Teori rahasia bank dibagi menjadi dua macam yaitu teori rahasia bank mutlak dan teori rahasia bank yang bersifat relatif. Menurut teori rahasia bank mutlak bank mempunyai kewajiban untuk menyimpan rahasia atau keterangan-keterangan mengenai nasabahnya yang diketahui bank karena kegiatan usahanya dalam keadaan apapun juga dalam keadaan biasa atau dalam keadaan luar biasa, teori ini sering menonjolkan kepentingan individu sehingga kepentingan negara dan masyarakat sering terabaikan.
Dalam teori rahasia bank yang bersifat relatif bank diperbolehkan membuka rahasia atau memberi keterangan mengenai nasabahnya apabila untuk kepentingan yang mendesak. Misalnya untuk kepentingan negara atau kepentingan hukum.
B. Dasar hukum dan ruang lingkup rahasia bank
Mengenai ketentuan rahasia bank sebelum berlaku undang-undang no. 7 tahun 1998 jo. UU No. 10 tahun 1998 tentang perbankan dapat ditemukan dalam undang-undang no. 23 PrP 1960 tentang rahasia bank dan dalam UU No. 14 tahun 1967 tentang pokok- pokok perbankan. Selain itu Rahasia bank juga diatur di dalam Undang-Undang No. 7 tahun 1992 jo. UU No. 10 tahun 1998 tentang perbankan.
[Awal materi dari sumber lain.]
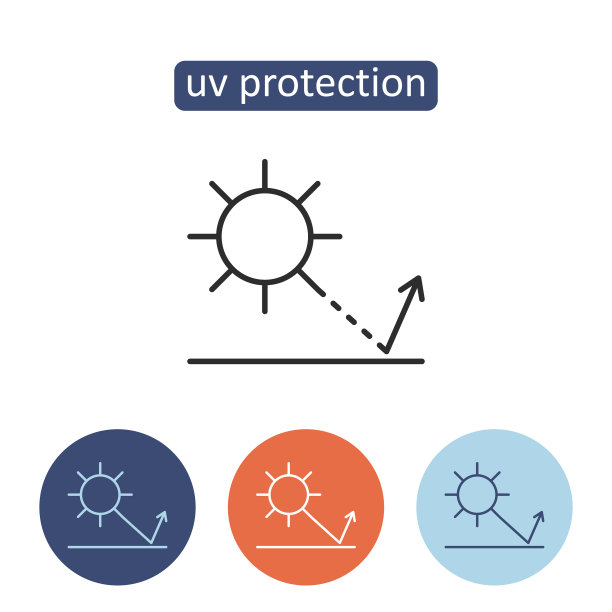紫外线保护材料轮廓图标设置图片下载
C. Pengecualian rahasia bank
Pengecualian terhadap ketentuan rahasia bank dalam UU No. 7 tahun 1992 jo. UU No 10 tahun 1998 tentang perbankan adalah mengacu kepada ketentuan pasal 40 ayat (1) UU No. 10 tahun 1998 yang menentukan bahwa bank wajib merahasiakan keterangan mengenai nasabah penyimpan dan simpanannya kecuali dalam hal sebagaimana dimaksud dalam pasal 41, 41 A, pasal 42, pasal 43, pasal 44, dan pasal 44 A.
Berdasarkan ketentuan pasal 40 ayat (1) pengecualian terhadap ketentuan rahasia bank adalah sebagai berikut.
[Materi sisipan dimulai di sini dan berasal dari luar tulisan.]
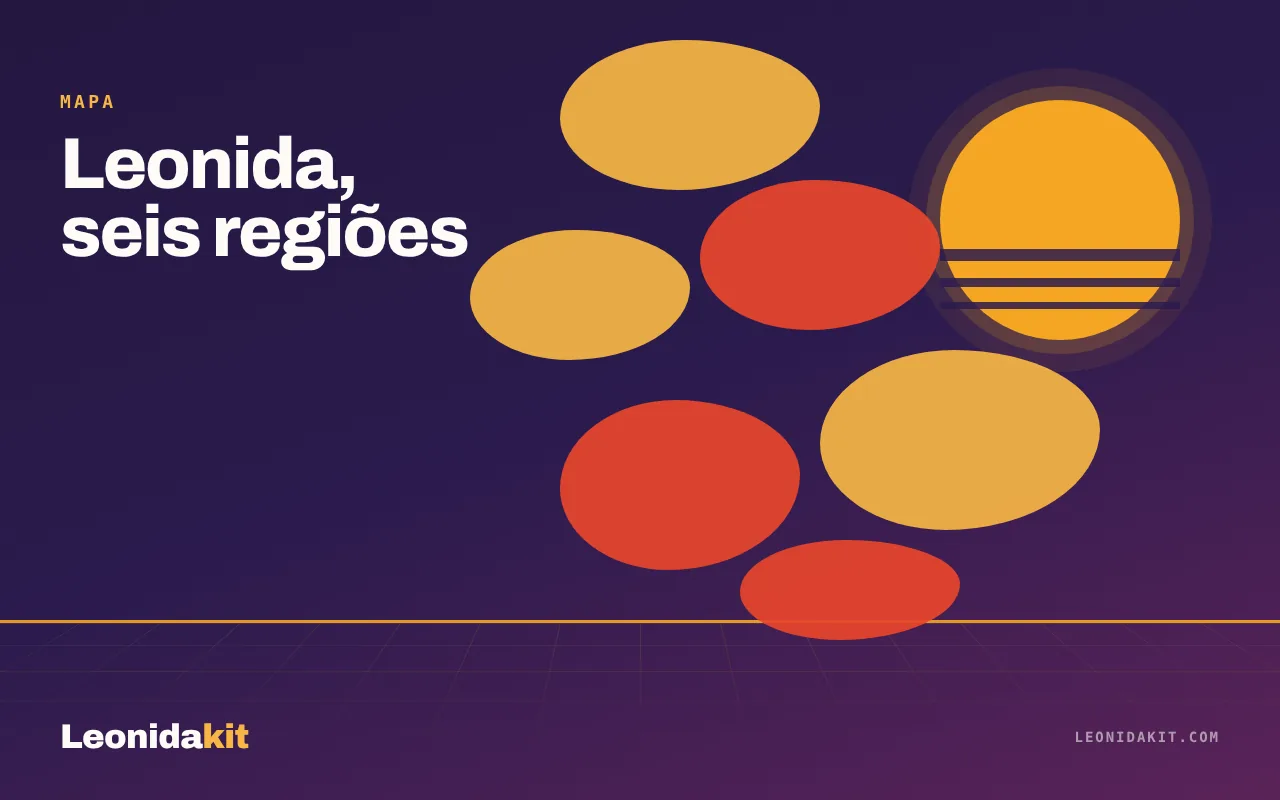 Ilustração Leonidakit: as seis regiões de Leonida em formas planas estilizadas, sol coral, água turquesa e areia âmbar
1. Untuk kepentingan perpajakan
2. Untuk kepentingan penyelesaian piutang bank yang telah diserahkan kepada BUPLN/PUPN
3. Untuk kepentingan peradilan dalam perkara pidana
4. Untuk kepentingan peradilan dalam perkara perdata antara bank dengan nasabah
5. Dalam tukar-menukar informasi antar bank
6. Atas permintaan, persetujuan atau kuasa dari nasabah penyimpan atau ahli warisnya.
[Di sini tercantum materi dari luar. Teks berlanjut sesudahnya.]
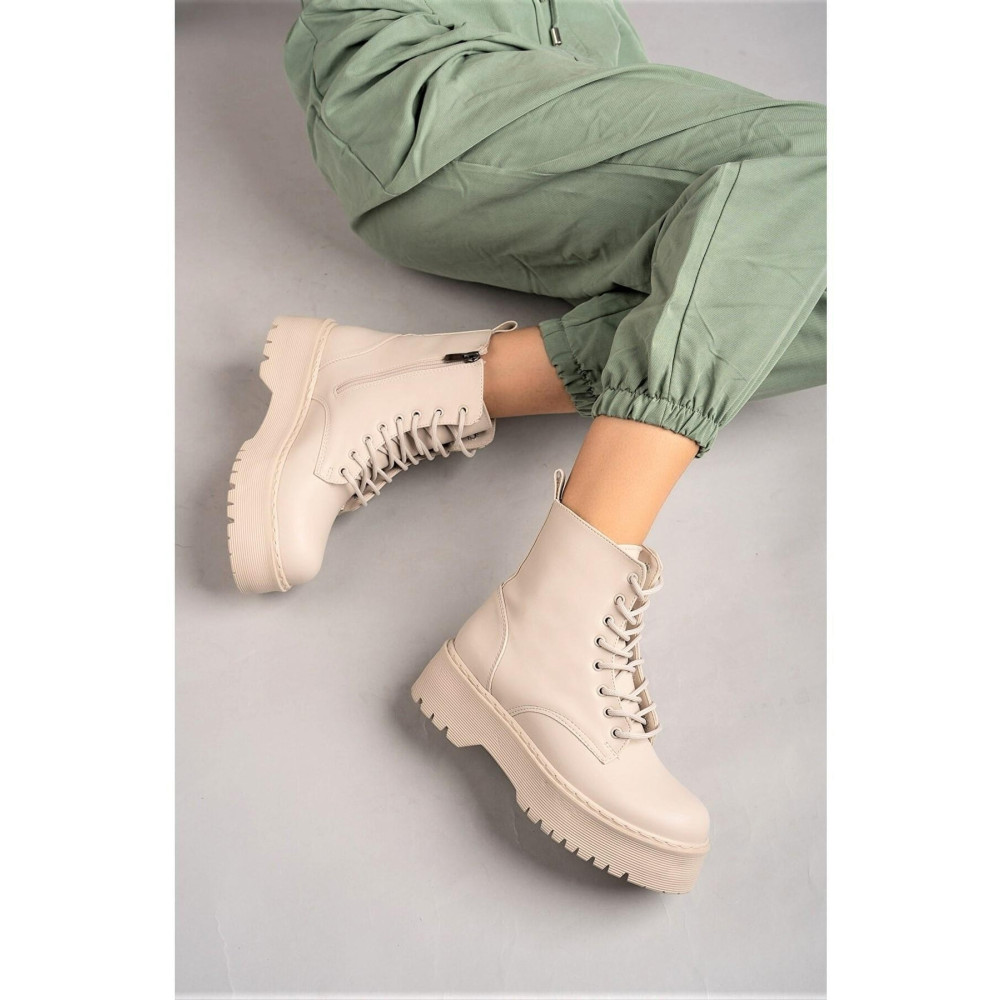 Aleza Shoes Vanetix Kalın Topuk Fermuarlı Krem Kadın Bot 40 Beden Kadın Botları Fiyatı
VIII. PRUDENT BANKING DAN AKTIFITAS MARGINAL DARI BANK
Asas kehati-hatian (prudential banking) adalah suatu asas yang menyatakan bahwa bank dalam menjalankan fungsi dan kegiatan usahanya wajib menerapkan prinsip kehati-hatian dalam rangka melindungi dana masyarakat yang dipercayakan masyarakat kepadanya. Dengan diberlakukannya prinsip kehati-hatian diharapkan kadar kepercayaan masyarakat terhadap perbankan tetap tinggi, sehingga masyarakat bersedia dan tidak ragu-ragu menyimpan dananya di bank. Pengertian Kredit, berdasarkan pasal 1 butir 11 Undang-undang Perbankan, yaitu: "Kredit adalah penyediaan uang atau tagihan yang dapat dipersamakan dengan itu, berdasarkan persetujuan atau kesepakatan pinjam-meminjam antara bank dengan pihak lain yang mewajibkan pihak peminjam untuk melunasi utangnya setelah jangka waktu tertentu dengan pemberian bunga" Kredit bermasalah atau biasa dikenal dengan kredit macet adalah suatu keadaan dimana seorang nasabah tidak mampu membayar lunas kredit bank tepat pada waktunya, sehingga mengakibatkan perjalanan kredit terhenti atau macet. Keadaan yang demikian di dalam hukum perdata disebut dengan wanprestasi atau ingkar janji, karena kredit merupakan suatu pinjaman uang yang berdasarkan pada suatu perjanjian kredit. Berdasarkan hal tersebut, maka di dalam memberikan suatu kredit, bank mempunyai kewajiban untuk memiliki dan menerapkan sistem pengawasan intern dalam rangka menjamin terlaksananya proses pengambilan keputusan dalam pengelolaan bank yang sesuai dengan prinsip kehati-hatian, mengingat bank terutama bekerja dengan adanya dana dari masyarakat yang disimpan pada bank atas dasar kepercayaan, oleh karenanya maka setiap bank perlu terus menjaga kesehatannya dan memelihara kepercayaan masyarakat.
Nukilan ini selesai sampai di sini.